EuroSciPy 2024

Reproducible workflows with AiiDA - The power and challenges of full data provenance
08-29, 16:00–16:30 (Europe/Berlin), Room 6

AiiDA is a workflow manager with a strong focus on reproducibility through automated data provenance. In this talk we discuss what it means to have full “data provenance” for scientific workflows, the advantages it offers, but also the challenges it represents for new users and how we deal with them.


AiiDA is a robust open-source Python package to help researchers automate, manage, persist, share, and reproduce complex workflows. A defining feature of AiiDA is the automatic recording of the calculations' history, or “provenance”, including relevant data inputs and outputs.
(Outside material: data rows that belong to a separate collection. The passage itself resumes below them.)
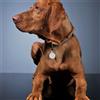Easy Pet Medaglietta smart tracker per collare con microchip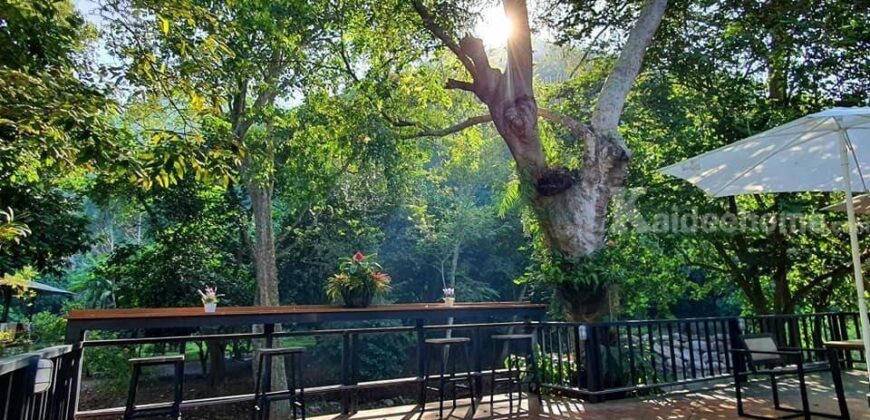 ขายบ้านติดน้ำลำตะคอง เขาใหญ่ ถนนธนะรัชต์ หมูสี ที่ดินพร้อมบ้านพูลวิลล่าริมน้ำเขาใหญ่ ปากช่อง ใกล้ปาลิโอ เทมส์ ทางขึ้นอุทยานแห่งชาติเขาใหญ่ ทำเลดีมาก เหมาะทำบ้านตากอากาศหรือกิจการโรมแรม 087-9074045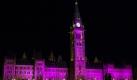 In Ottawa, Kanada, wird im Rahmen desBreast Cancer Awareness Month (BCAM) das Parlament pink beleuchtet. Die Kampange wird jedes Jahr im Oktober in Kanada und den USA gestartet und soll auf das Brustkrebsrisiko aufmerksam machen. Foto: dapd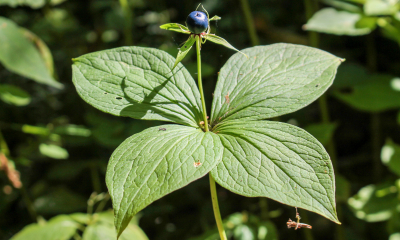 Vraní oko čtyřlisté - Paris quadrifolia. Jedna z nejjedovatějších rostlin naší přírody. Lidově vlčí jahoda či vlčí oko. V minulosti se používalo proti vzteklině a věřilo se v jeho magickou moc.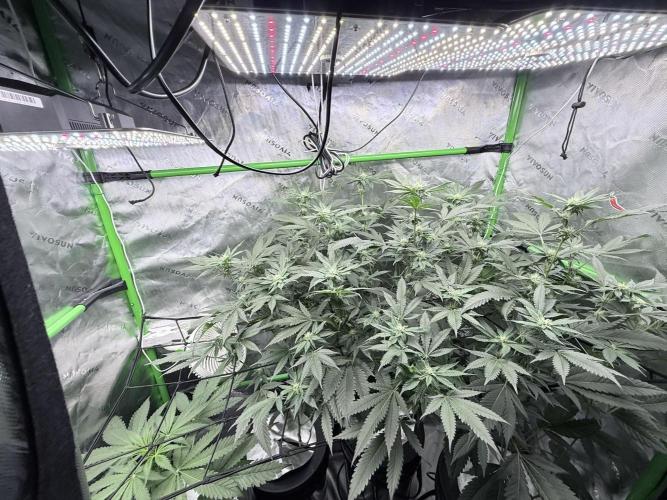 Legendary Larry (DOJA x Swamp Boys) #3. Week 5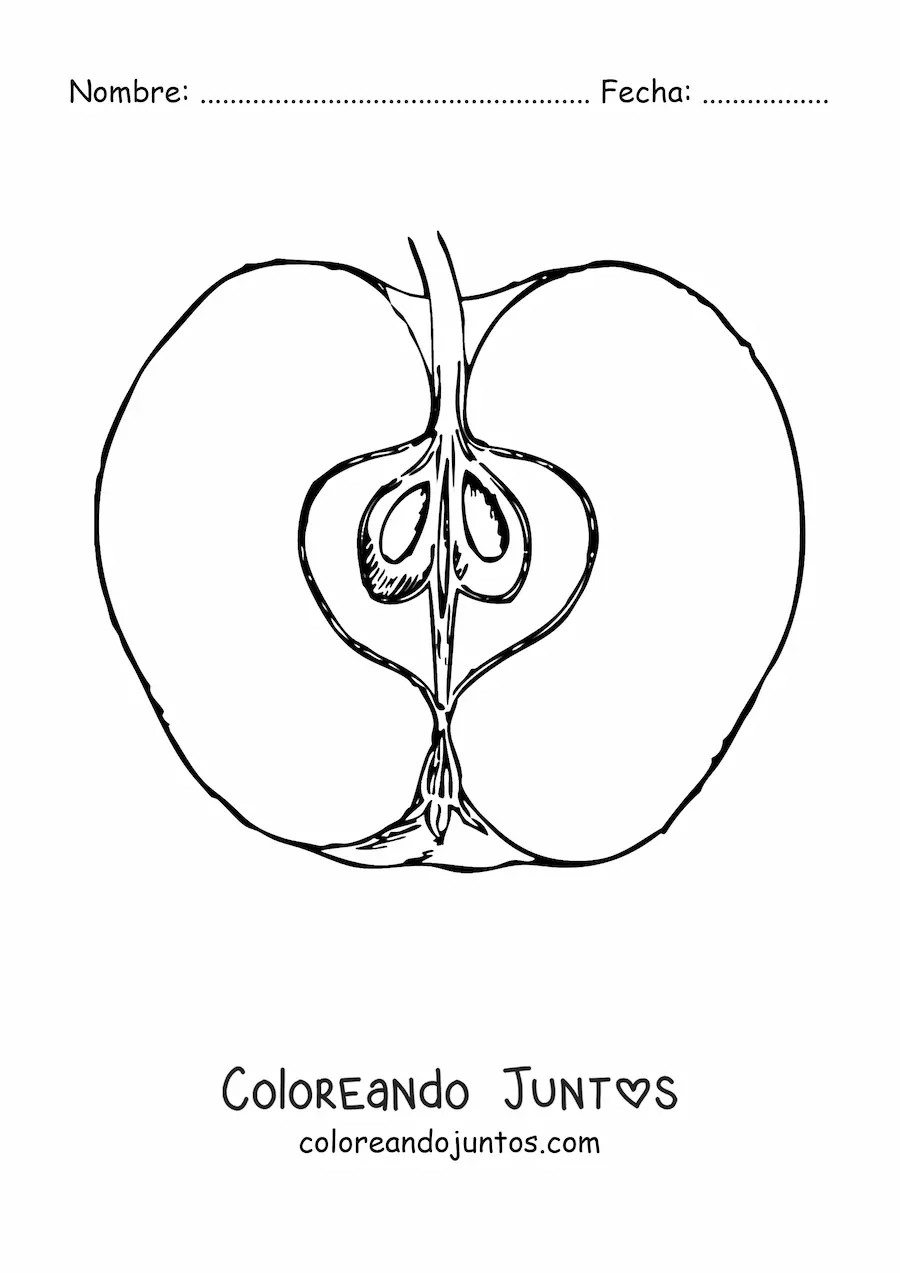 Imagen para colorear de media manzana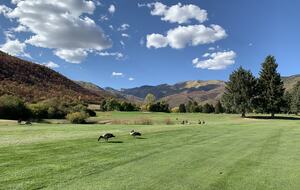 Wasatch Mountain Lake course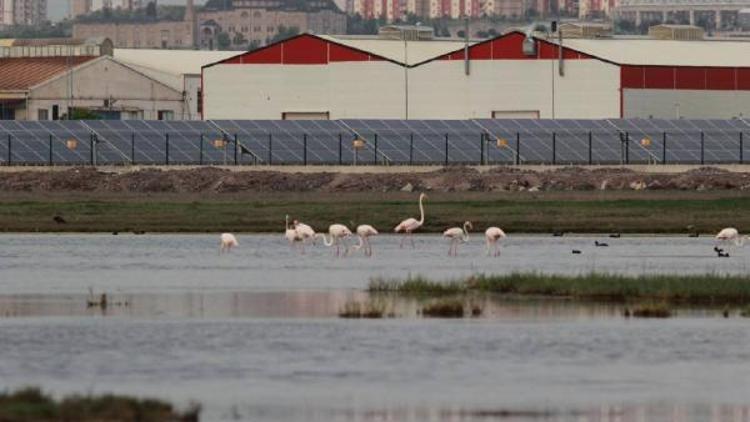 Kent merkezi yakınlarındaki flamingolar dikkat çekiyor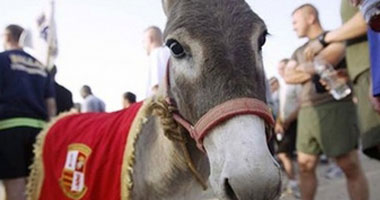 "حمار عربة كارو" ضد قانون الجاذبية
This allows for designing detailed interfaces of processes and workflows, using advanced queries to look for relevant results or share data. This makes AiiDA particularly suitable for building a sustainable computational infrastructure for running high-throughput workflows and facilitates sharing data and provenance in a FAIR way for publication.

On the other hand, writing workflows while keeping in mind the requirements of tracking the full provenance can be cumbersome for new users. Until very recently, running a new external (i.e. non-Python) code required developing a dedicated plugin, connecting processes in a workflow using advanced Python concepts. For high-throughput performance on HPC systems, AiiDA inherently depended on services that are not always trivial to install, such as a PostgreSQL database and a RabbitMQ message broker. In the past year, several improvements have been made to improve its usability, with a particular focus on getting new users up and running as quickly as possible.

In this talk, we’ll start with a brief overview of AiiDA’s philosophy and core features as a workflow manager and discuss solutions to the challenges described above. The new plugin package aiida-shell makes running any shell executable easy, without the need to develop a custom plugin, while preserving basic provenance. Adding support for SQLite databases and making RabbitMQ optional allows users who don’t need high performance or scalability to run without the need to install and configure these services. Furthermore, a new WorkGraph feature provides a powerful framework for designing flexible node-based workflows with basic Python knowledge. This flexibility is essential to allow users to piece together a workflow for their scientific use case quickly. The WorkGraph also allows management and visualization of workflows in web browsers and Jupyter notebooks.


Public link to supporting material

https://aiida.net/

Project Homepage / Git

https://github.com/aiidateam/aiida-core

Abstract as a tweet

New developments in the AiiDA workflow manager make it easier than ever to run complex workflows with full data provenance.

Category [Scientific Applications]

Material Sciences

Expected audience expertise: Domain

none

Expected audience expertise: Python

some

I obtained my M. Sc. with a major in nanophysics from the University of Antwerp in 2015 and continued at the same institution as a Doctoral Candidate under the supervision of Prof. Lamoen. Since obtaining my PhD with distinction in 2020, I have first worked as a postdoctoral researcher in the THEOS group of Prof. Marzari at EPFL, and since September 2023, I have worked in the group of Giovanni Pizzi at the Paul Scherrer Institute.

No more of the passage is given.